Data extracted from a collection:
□ □ □ □

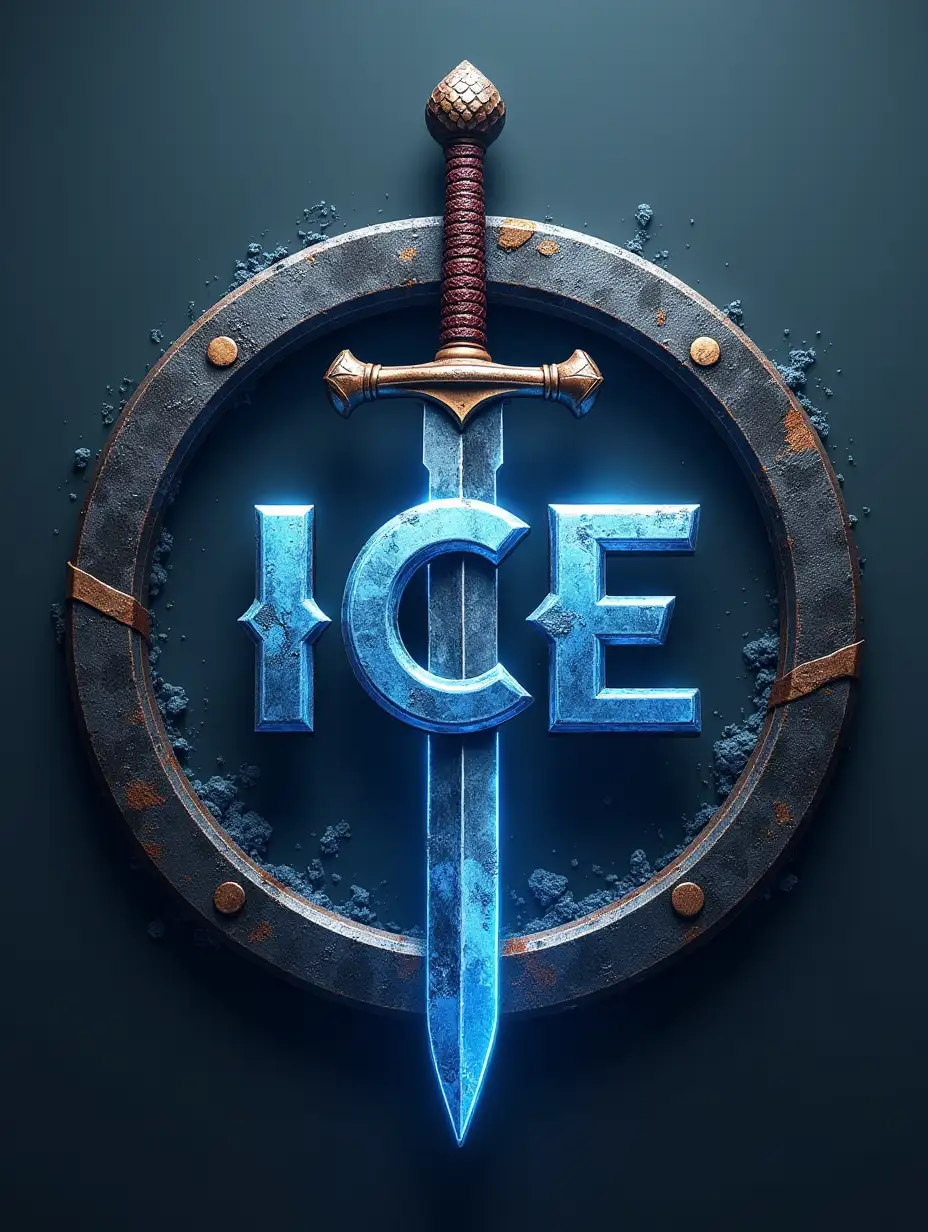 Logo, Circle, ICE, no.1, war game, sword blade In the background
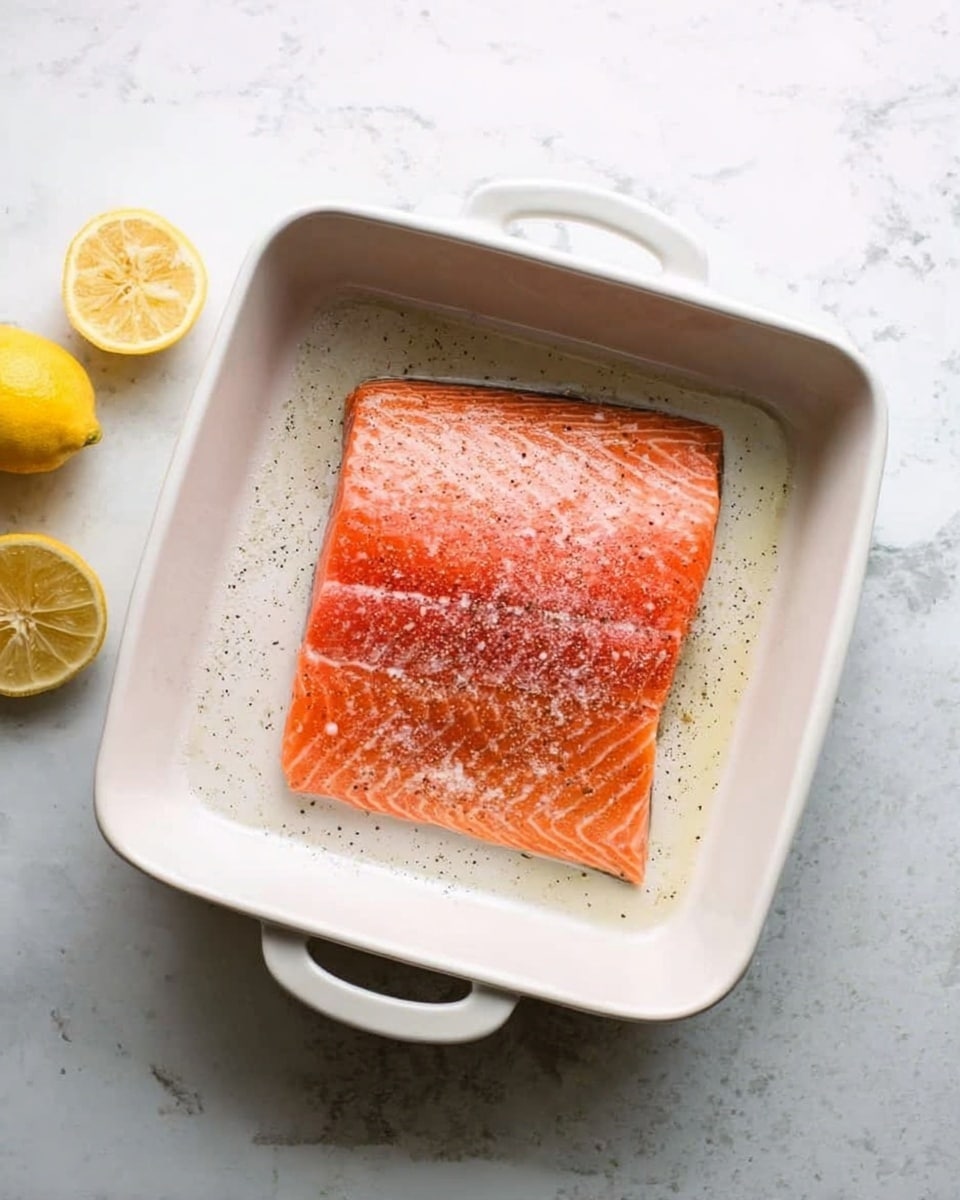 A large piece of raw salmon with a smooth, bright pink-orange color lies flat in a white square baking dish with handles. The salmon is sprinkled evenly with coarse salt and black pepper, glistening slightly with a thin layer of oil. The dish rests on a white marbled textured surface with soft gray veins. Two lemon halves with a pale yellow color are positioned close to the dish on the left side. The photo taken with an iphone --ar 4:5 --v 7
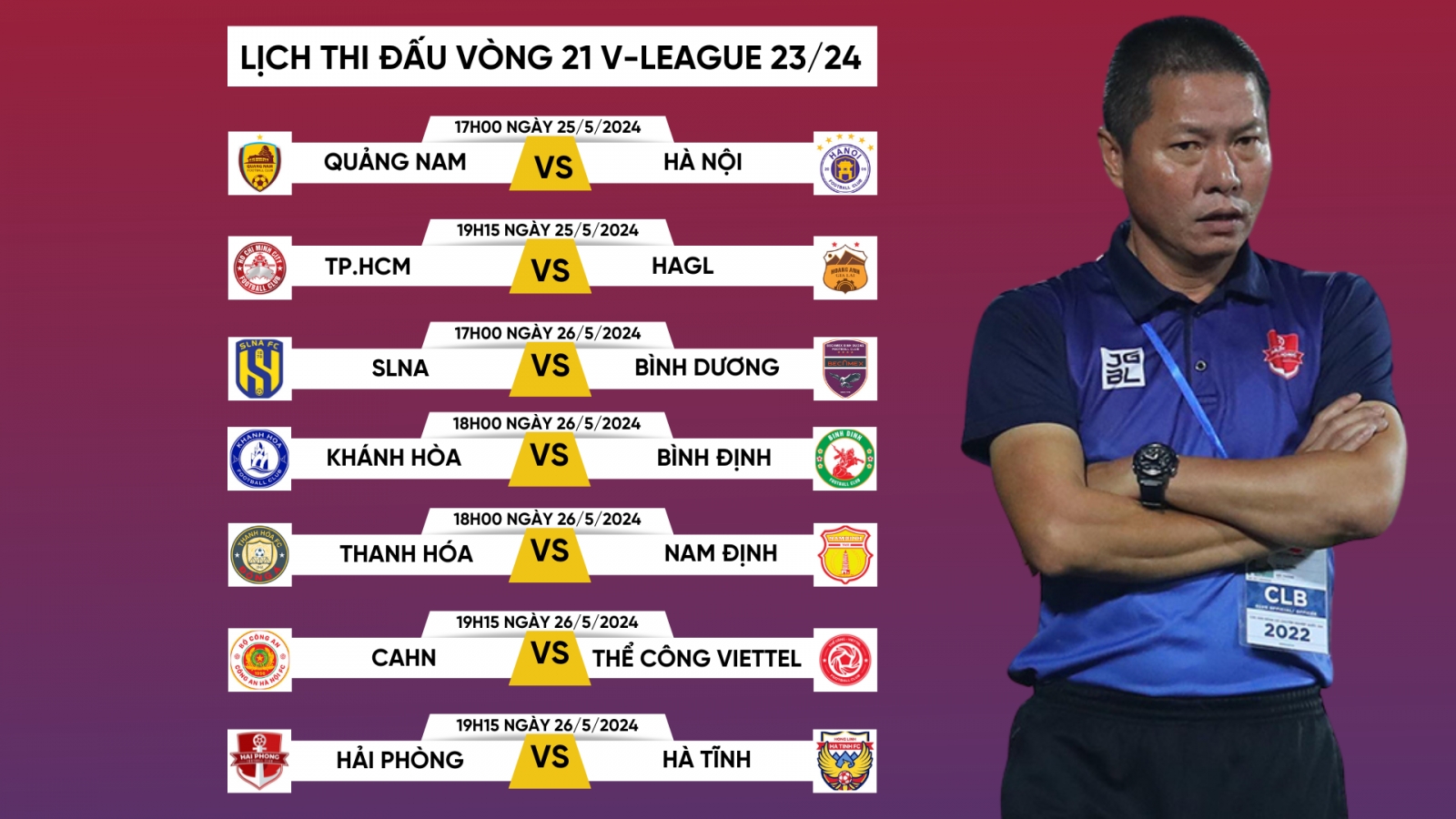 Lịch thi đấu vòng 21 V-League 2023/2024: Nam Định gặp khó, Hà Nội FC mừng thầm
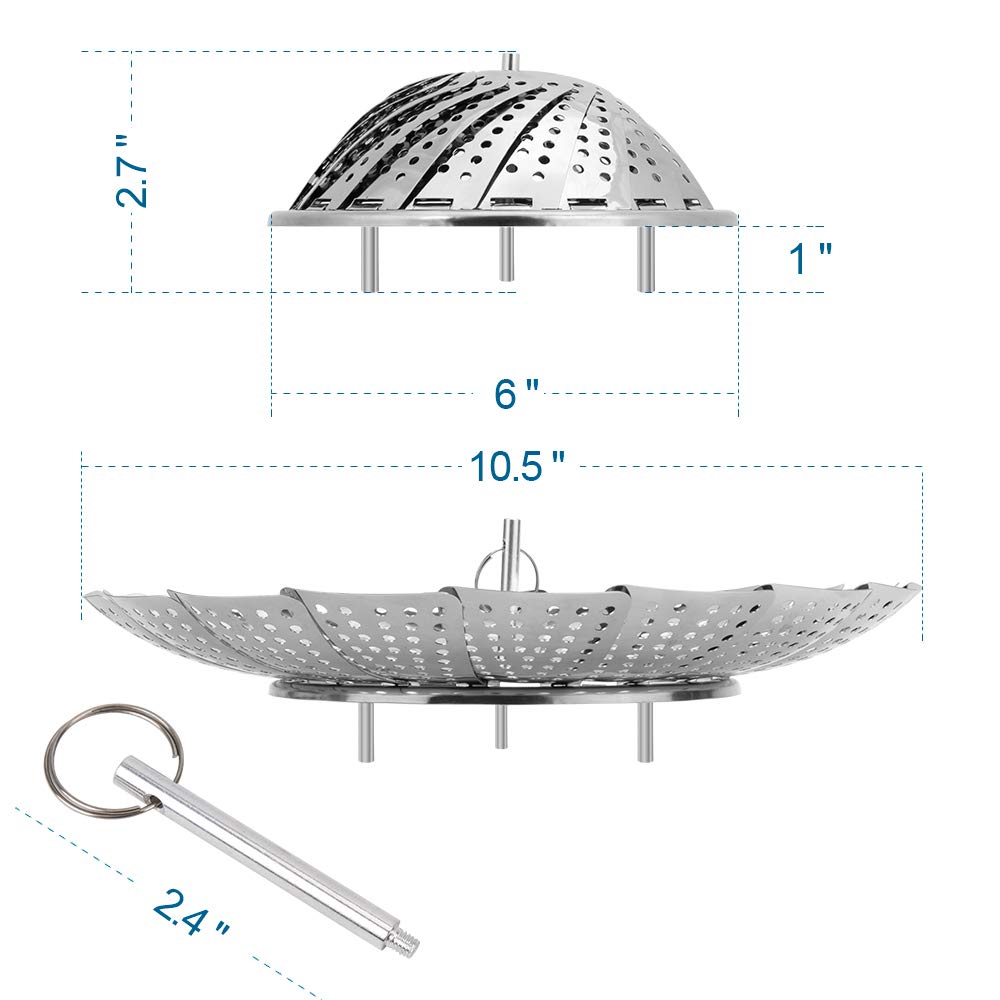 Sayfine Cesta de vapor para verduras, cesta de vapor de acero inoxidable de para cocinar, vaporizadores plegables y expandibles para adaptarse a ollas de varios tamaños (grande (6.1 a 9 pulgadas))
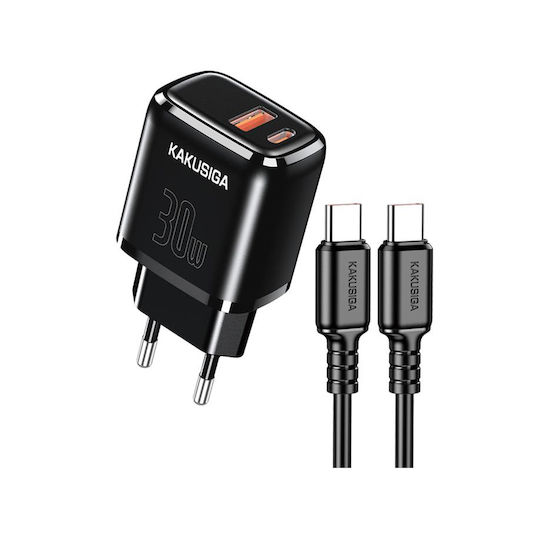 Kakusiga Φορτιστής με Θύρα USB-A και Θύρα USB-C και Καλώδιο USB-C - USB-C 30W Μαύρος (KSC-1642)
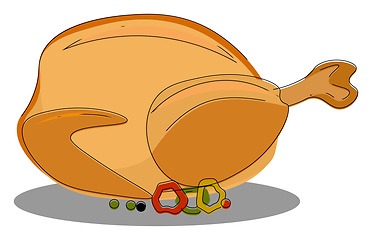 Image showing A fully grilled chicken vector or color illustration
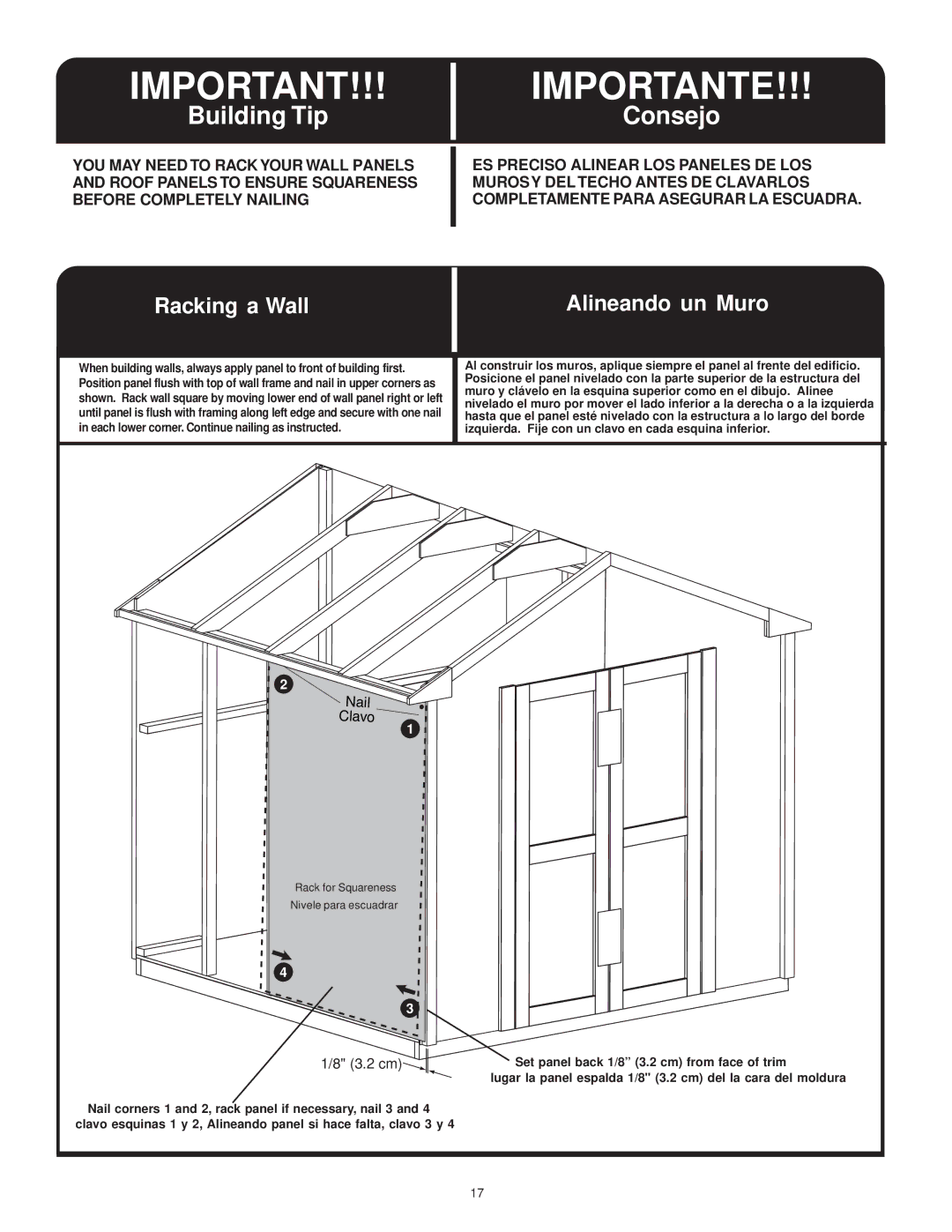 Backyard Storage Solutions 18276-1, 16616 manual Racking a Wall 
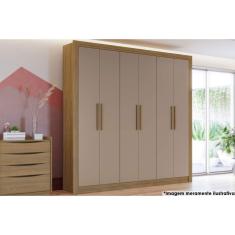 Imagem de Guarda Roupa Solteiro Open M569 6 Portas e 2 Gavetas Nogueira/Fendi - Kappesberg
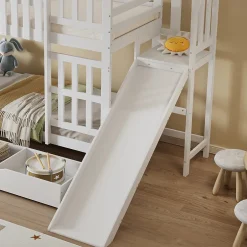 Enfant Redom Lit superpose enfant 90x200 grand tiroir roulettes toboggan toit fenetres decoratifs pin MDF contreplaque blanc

□ □ □ □

WORK REQUEST:
Respond with the exact lines above running from the one containing "Sayfine Cesta de" to the one containing "Kakusiga Φορτιστής με", both ends kept and no pictures included.

EXERCISE RESULT:
 Sayfine Cesta de vapor para verduras, cesta de vapor de acero inoxidable de para cocinar, vaporizadores plegables y expandibles para adaptarse a ollas de varios tamaños (grande (6.1 a 9 pulgadas))
 Kakusiga Φορτιστής με Θύρα USB-A και Θύρα USB-C και Καλώδιο USB-C - USB-C 30W Μαύρος (KSC-1642)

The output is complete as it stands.